WASHINGTON, DC – Today, the U.S. Environmental Protection Agency affirmed that automakers can and must make cars and trucks more efficient. This action ensures that fuel efficiency standards will continue to increase as proposed in 2012, with cars and light-duty trucks reaching 54.5 miles per gallon by model year 2025. These standards will make our vehicles go twice as far on a gallon of gas, reduce dangerous air pollution, protect our climate, and save American drivers money at the pump.
“Today’s announcement ensures that our cars and trucks will become increasingly cleaner, helping to protect our health and our environment,” said Anna Aurilio, Global Warming Solutions Director with Environment America. “Transportation is now the largest source of dangerous carbon pollution in the country, so these standards are more important than ever.”
The determination solidifies Presidents Obama’s commitment to clean car standards, reducing oil consumption and climate pollution. These standards will eliminate six billion metric tons of global warming pollution, reduce oil use by 12 billion barrels and save consumers $1.7 trillion at the pump.
Auto companies have made multiple attempts to weaken the standards, but EPA has held firm.
The 2012 fuel efficiency rules were created with a midterm review to evaluate whether they are feasible.

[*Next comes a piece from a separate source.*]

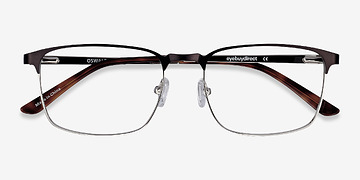 Matte Black Oswald -  Classiques Métal Lunettes de vue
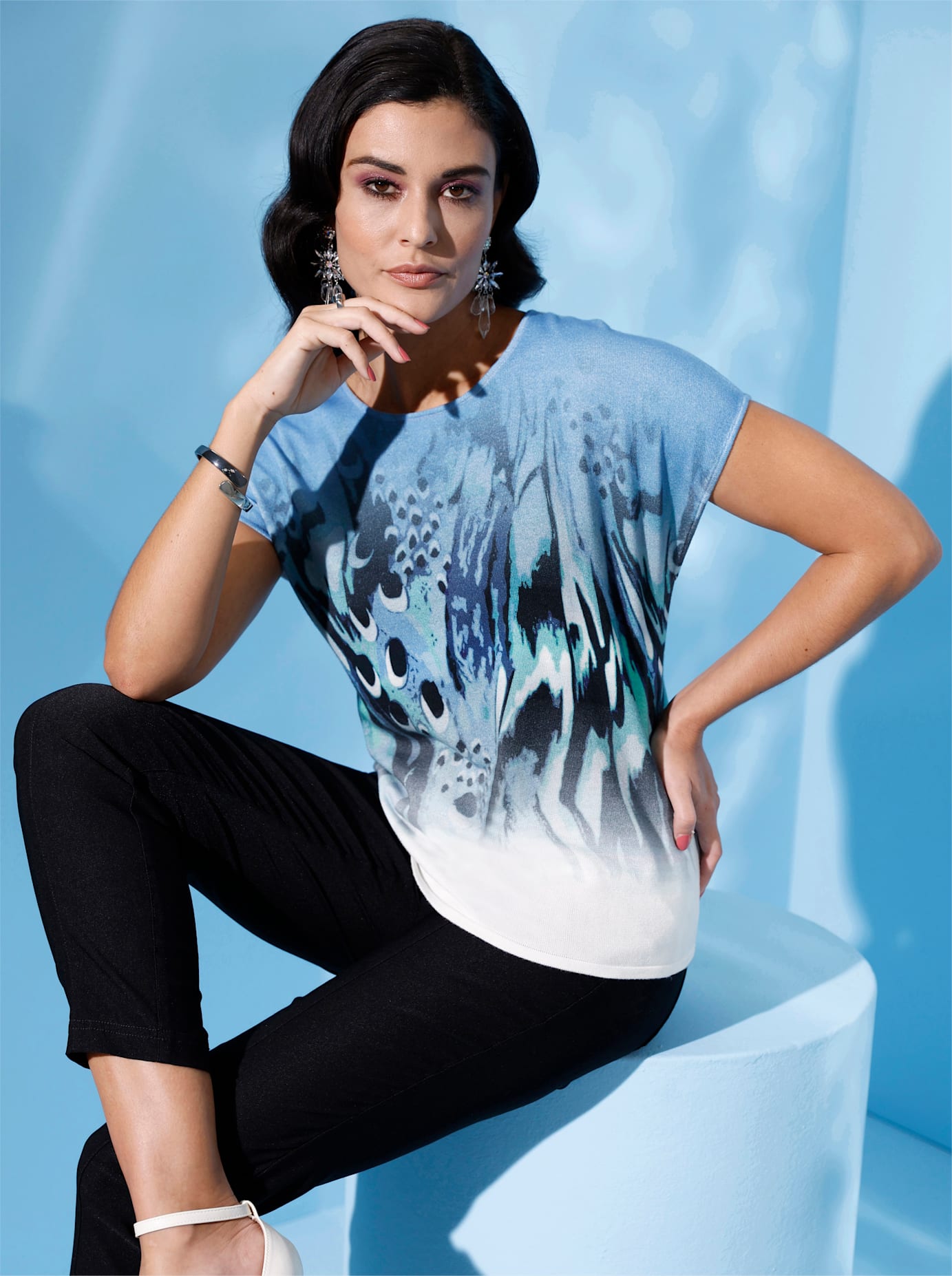 creation L Kurzarmpullover »Rundhals-Pullover« creation L Kurzarmpullover »Rundhals-Pullover« von Creation L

That question has been answered – they are. Last year, EPA and the National Highway Traffic and Safety Administration concluded in a technical assessment report that automakers can meet and exceed the standards. In fact, automakers have already produced multiple vehicles that exceed the standards.
“Cleaning up tailpipes is crucial to protect our health and the planet," said Aurilio. “While we believe these standards can and should be stronger, we thank President Obama for his commitment to put cleaner cars on the road.”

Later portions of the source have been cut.